# The problem:
Set down, exactly as they stand, the lines from the one containing "10523 Tenor Way" through the last line of the records below, leaving every picture out.

# Information:
◇ ◇ ◇ ◇
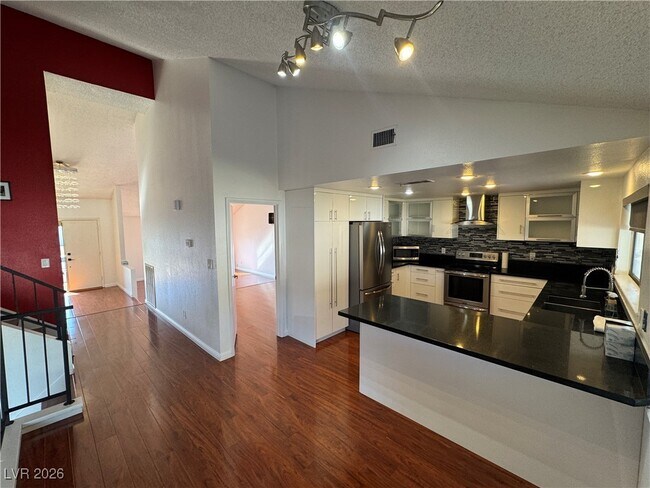 Building Photo - 6328 O'Bannon Dr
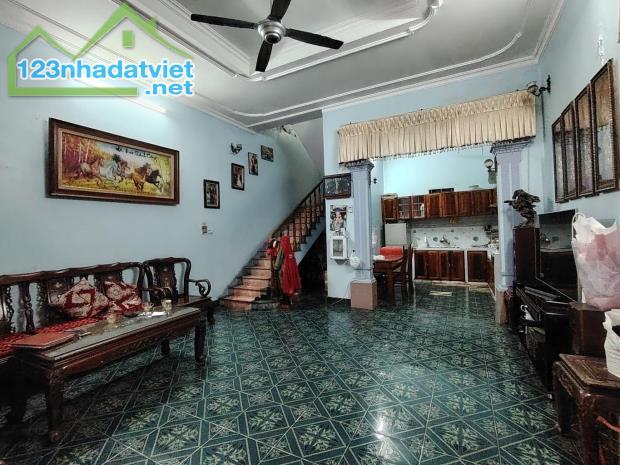 Bán nhà Ngô Gia Tự, 100m, mặt tiền 5m, ngõ ô tô tránh, vào nhà, kinh doanh, an sinh tốt - 1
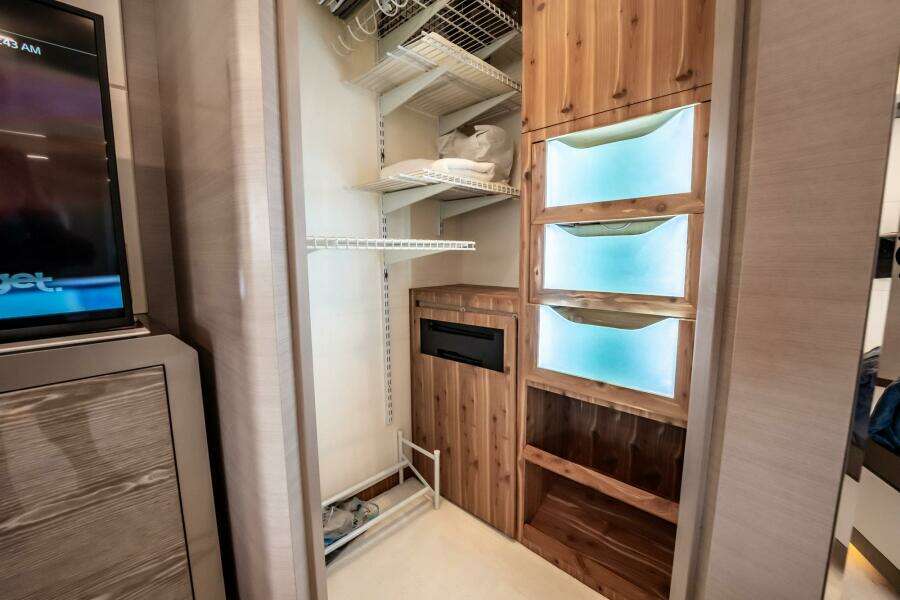 2021 Ocean Alexander 27 Explorer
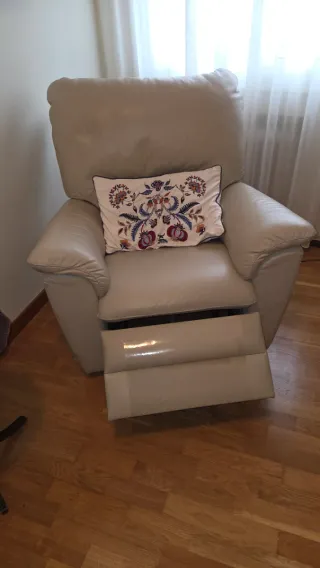 Sillón Relax Eléctrico Beige Cuero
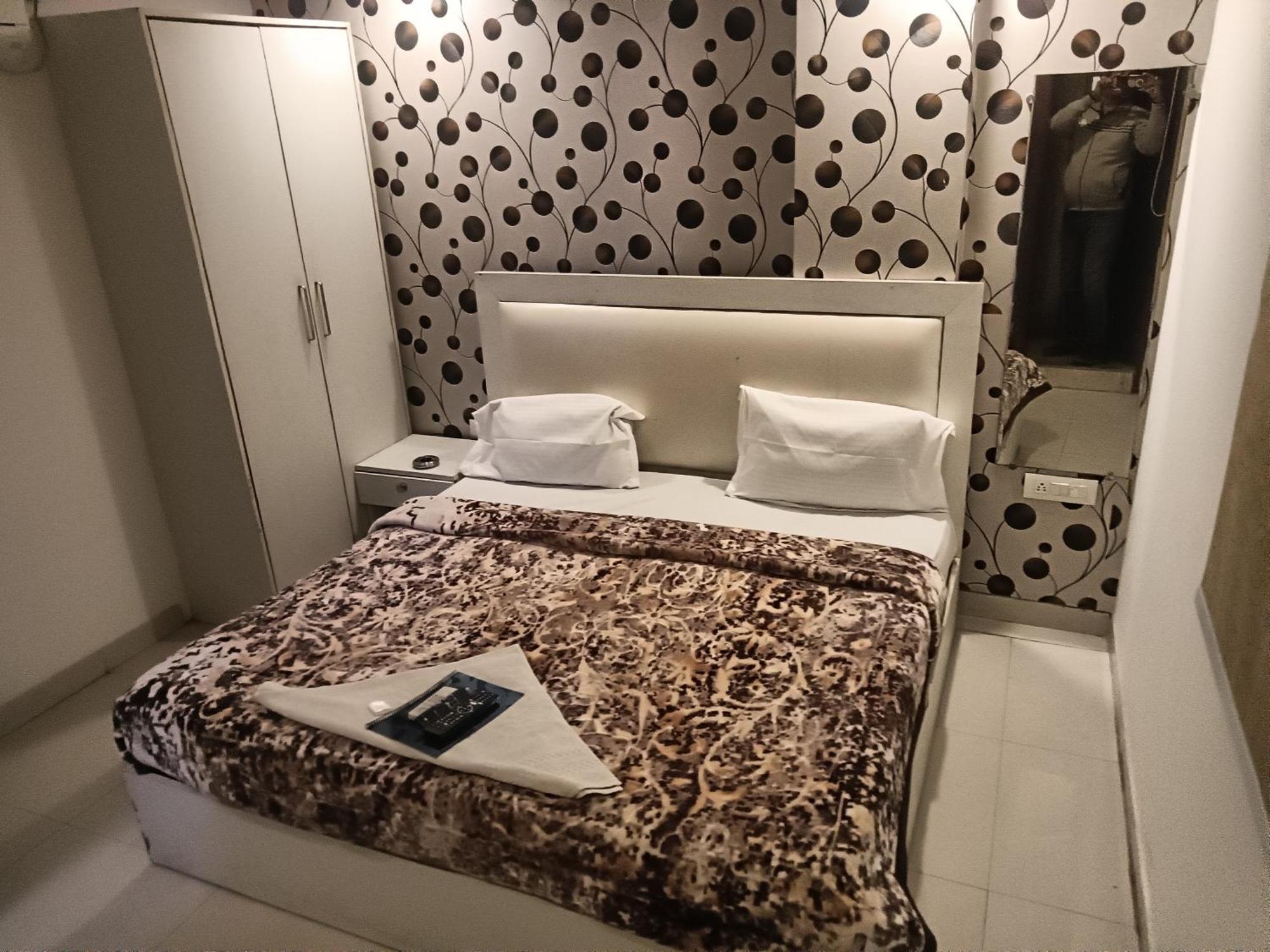 Global At Delhi Airport Hotel 3*
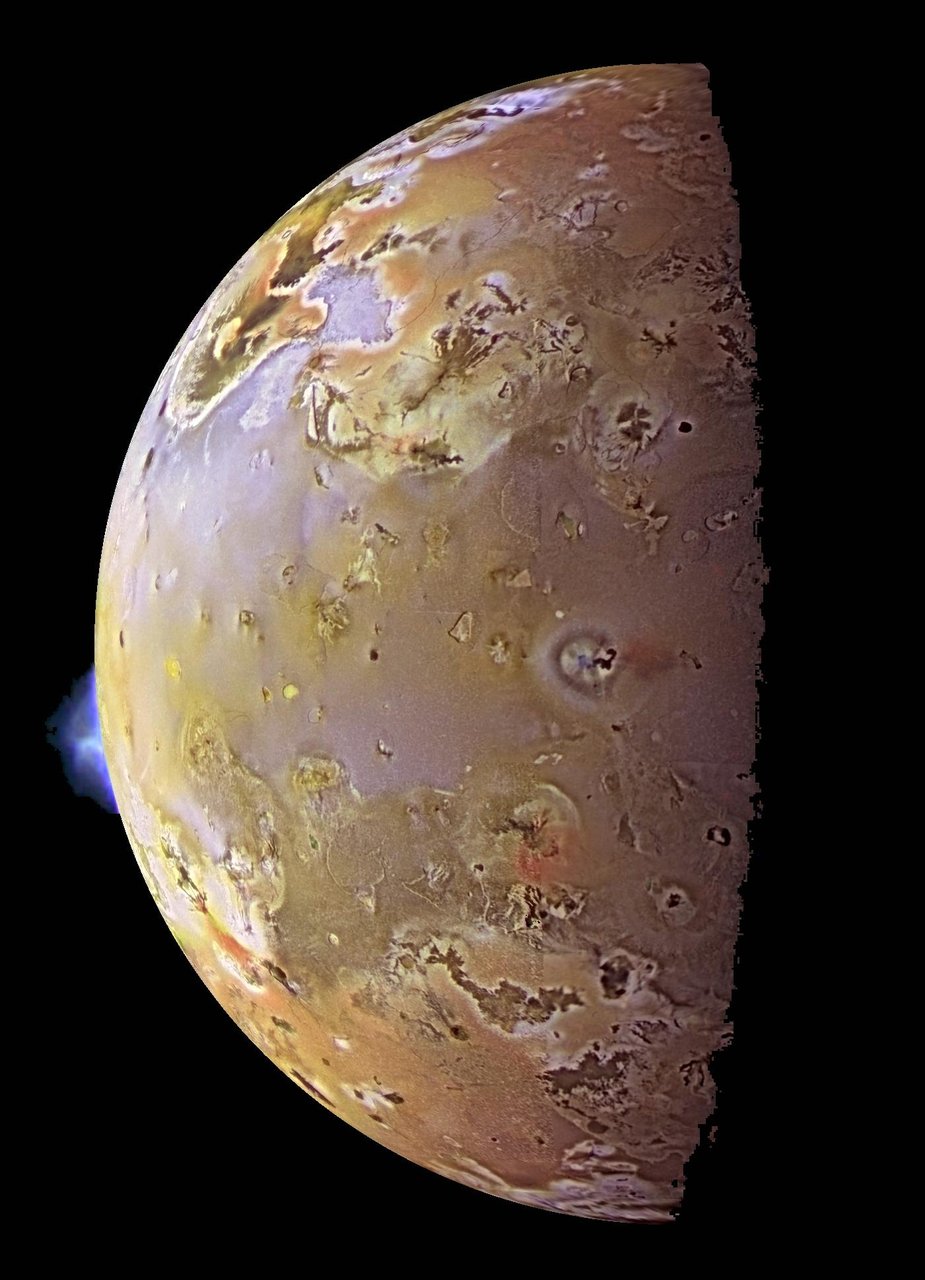 Galileo-Aufnahme nahe Ios Tag-Nacht-Grenze mit einer blauen Vulkanfontäne am Rand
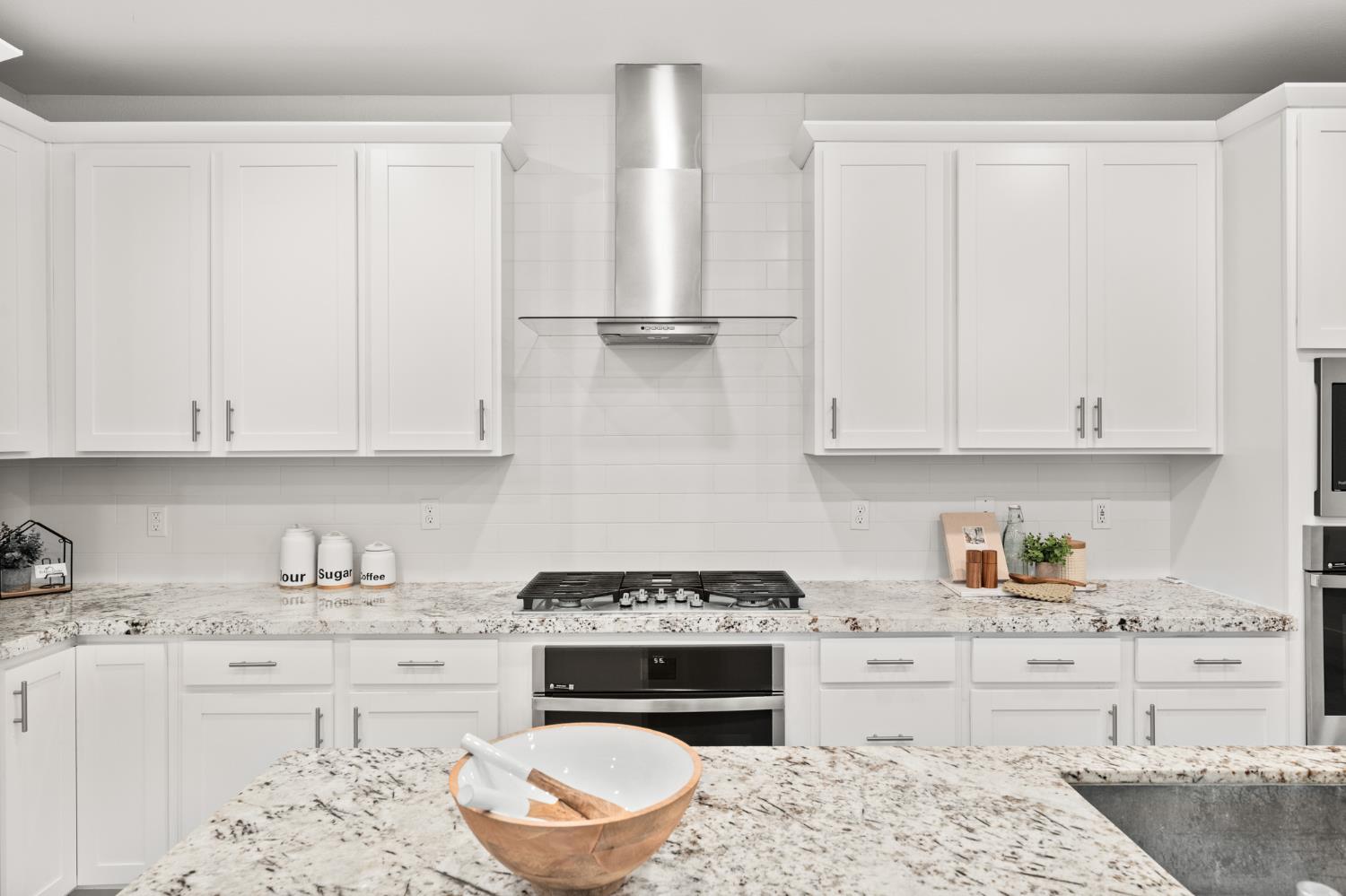 10523 Tenor Way Elk Grove, CA 95757 - Photo 18 of 57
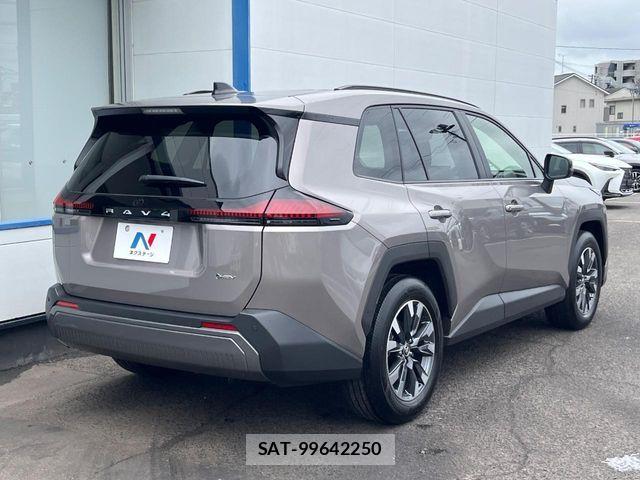 Toyota RAV4 2026-02 8316693-16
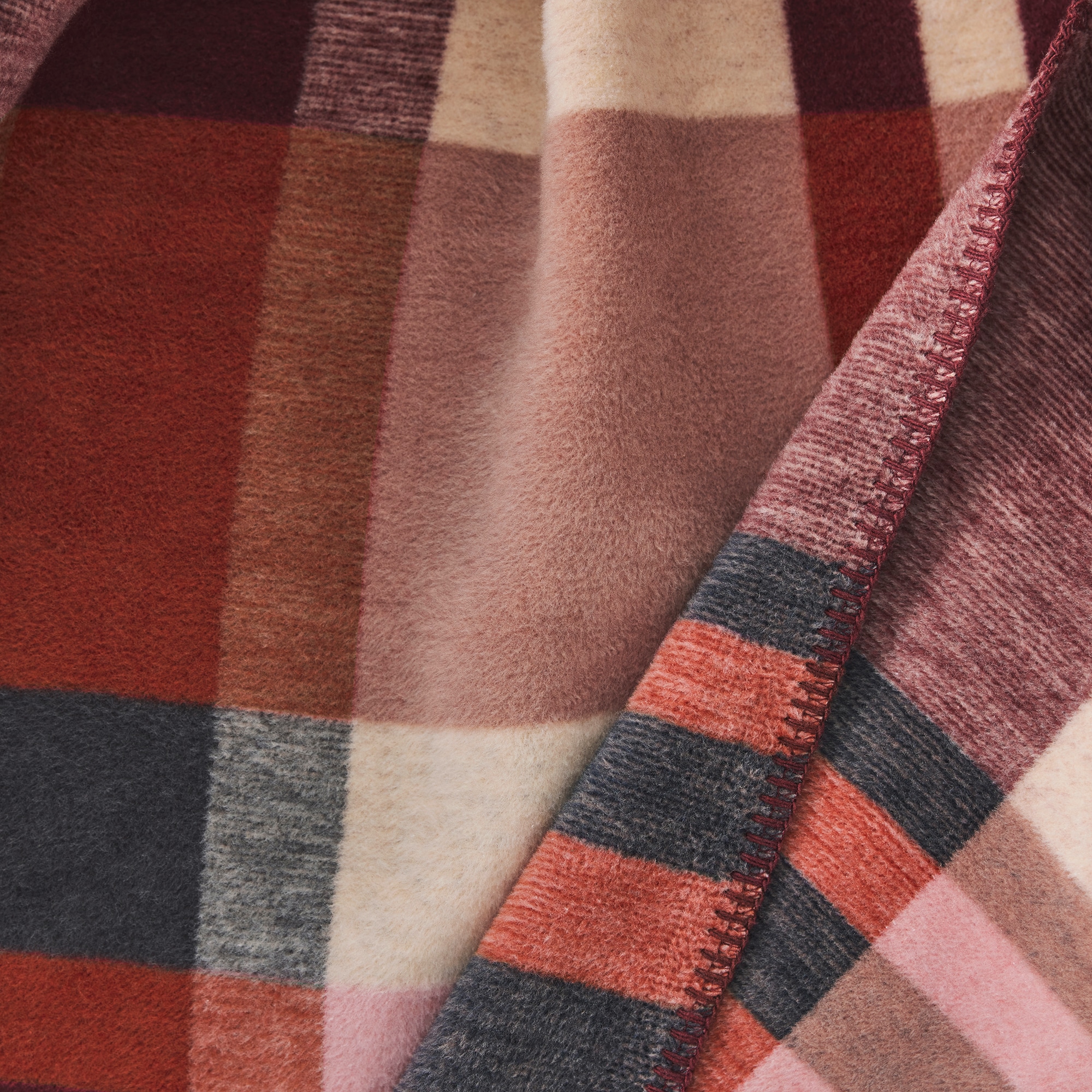 IBENA Wohndecke »Wohndecke Falkland«, mit zeitlosem Karo-Design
◇ ◇ ◇ ◇
# Exercise solution:
 10523 Tenor Way Elk Grove, CA 95757 - Photo 18 of 57
 Toyota RAV4 2026-02 8316693-16
 IBENA Wohndecke »Wohndecke Falkland«, mit zeitlosem Karo-Design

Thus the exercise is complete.